Durante un tiempo yo también aceptaba esas ideas sin cuestionarlas. Me parecía lógico pensar que si una persona no entendía cómo usar una funcionalidad, era porque no prestaba atención o no tenía el conocimiento suficiente. Pero no dejaba de preguntarme: ¿realmente es culpa del usuario?
Sé que no estoy descubriendo el aguatibia aquí. Los principios del diseño centrado en el usuario existen desde hace décadas, y cualquier diseñador con experiencia sabe que un mal diseño genera confusión. Don Norman ya escribía sobre esto en los 80s. Pero una cosa es conocer la teoría y otra muy distinta es aplicarla cuando sigues pensando que los usuarios son tontos.
He encontrado útil enmarcar esta discusión en términos filosóficos más amplios. Esa forma de culpar al usuario es profundamente idealista: pone el peso del cambio en la cabeza de las personas, como si todo se resolviera con la “idea correcta”, con un poco más de atención o con más educación. Y deja de lado algo fundamental: el entorno en el que esas personas interactúan, las condiciones concretas en las que toman decisiones, el diseño mismo que se les presenta.

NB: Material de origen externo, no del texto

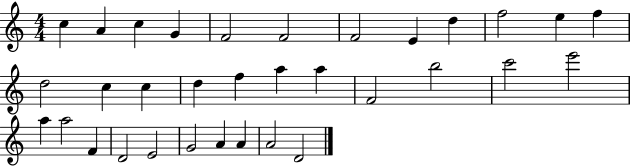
X:1
T:Untitled
M:4/4
L:1/4
K:C
c A c G F2 F2 F2 E d f2 e f d2 c c d f a a F2 b2 c'2 e'2 a a2 F D2 E2 G2 A A A2 D2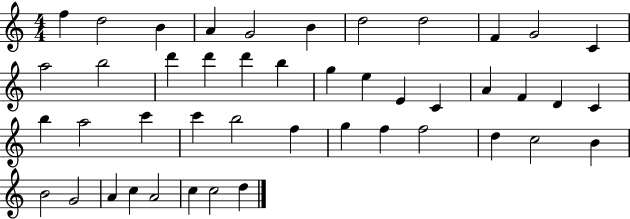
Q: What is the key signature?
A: C major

Un ejemplo concreto: mi papá no puede cambiar el PIN de su app bancaria. Él ha usado ATMs por años y sabe perfectamente cómo cambiar el PIN de su tarjeta. Pero en la app no pudo. Y son varias las veces que he tenido que ayudarle. El problema no es que le falte educación, mejores copies o tooltips. El problema es que decidieron usar inputs que requieren clic para hacer focus, en lugar de simplemente mostrar un teclado numérico como lo hace cualquier smartphone con los códigos de seguridad o incluso la misma app para ingresar.

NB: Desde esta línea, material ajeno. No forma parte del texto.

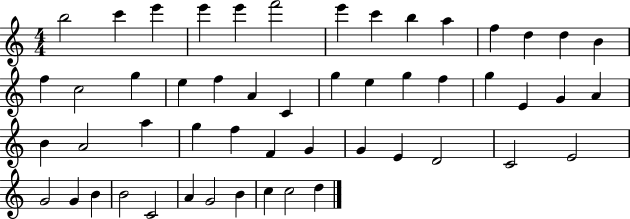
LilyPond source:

{
  \clef treble
  \numericTimeSignature
  \time 4/4
  \key c \major
  b''2 c'''4 e'''4 | e'''4 e'''4 f'''2 | e'''4 c'''4 b''4 a''4 | f''4 d''4 d''4 b'4 | \break f''4 c''2 g''4 | e''4 f''4 a'4 c'4 | g''4 e''4 g''4 f''4 | g''4 e'4 g'4 a'4 | \break b'4 a'2 a''4 | g''4 f''4 f'4 g'4 | g'4 e'4 d'2 | c'2 e'2 | \break g'2 g'4 b'4 | b'2 c'2 | a'4 g'2 b'4 | c''4 c''2 d''4 | \break \bar "|."
}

¿Cuando diseñaron ese flujo pasó los tests de usabilidad? Seguramente sí. ¿Se puede usar? Técnicamente sí. ¿Es realmente usable? Bueno, los usuarios como mi papá van al banco para que les ayuden o se lo piden a un familiar más joven y para colmo este cambio lo tienen que hacer una vez por año.
Esto es lo que llamo una mirada materialista del diseño: asumir que no estamos diseñando para ideas abstractas, sino para personas reales, en situaciones reales, con limitaciones reales. No es que mi papá no entienda – es que el sistema no está respondiendo bien a las condiciones materiales de su contexto.
Sé que esto puede sonar ideológico —y lo es—, pero no tiene por qué ser un problema. Toda decisión de diseño arrastra una visión del mundo, aunque a veces no lo digamos en voz alta. Y creo que es momento de hacerlo. Porque si bien no podemos cambiar las estructuras sociales desde una pantalla, sí podemos intervenir de forma crítica y consciente en los espacios donde diseñamos.
En mi experiencia, esto requiere cuestionar constantemente nuestras suposiciones. Incluso ahora, después de este “despertar” teórico, sigo teniendo impulsos idealistas. Sigo pensando a veces que si las personas “realmente quisieran”, entenderían. Es un proceso continuo de recordarme que el contexto material importa más que la buena voluntad.
Diseñar con esta mirada no significa abandonar los objetivos del negocio ni pensar «llego el demonio marxista, llamen al exorcista». Ya en serio (perdón aún debo dejar mi fascinación por todo vincularlo con memes): resolver problemas reales también es bueno para el negocio. Porque los productos que funcionan en contextos reales son los que se sostienen en el tiempo, los que realmente ayudan, los que generan valor genuino.
El desafío es que esto requiere ir más allá del “si pasó testing, está bien”. Requiere pensar críticamente sobre si nuestros procesos realmente capturan la realidad de uso, o si solo estamos midiendo lo que es fácil de medir. Requiere reconocer que a veces la solución obvia es la correcta, incluso si no es novedosa.
Así que la próxima vez que abras Figma o salgas a hacer una investigación, tal vez valga la pena preguntarte:
¿Estoy diseñando pensando en cómo debería ser el usuario?
¿O estoy diseñando a partir de lo que realmente es?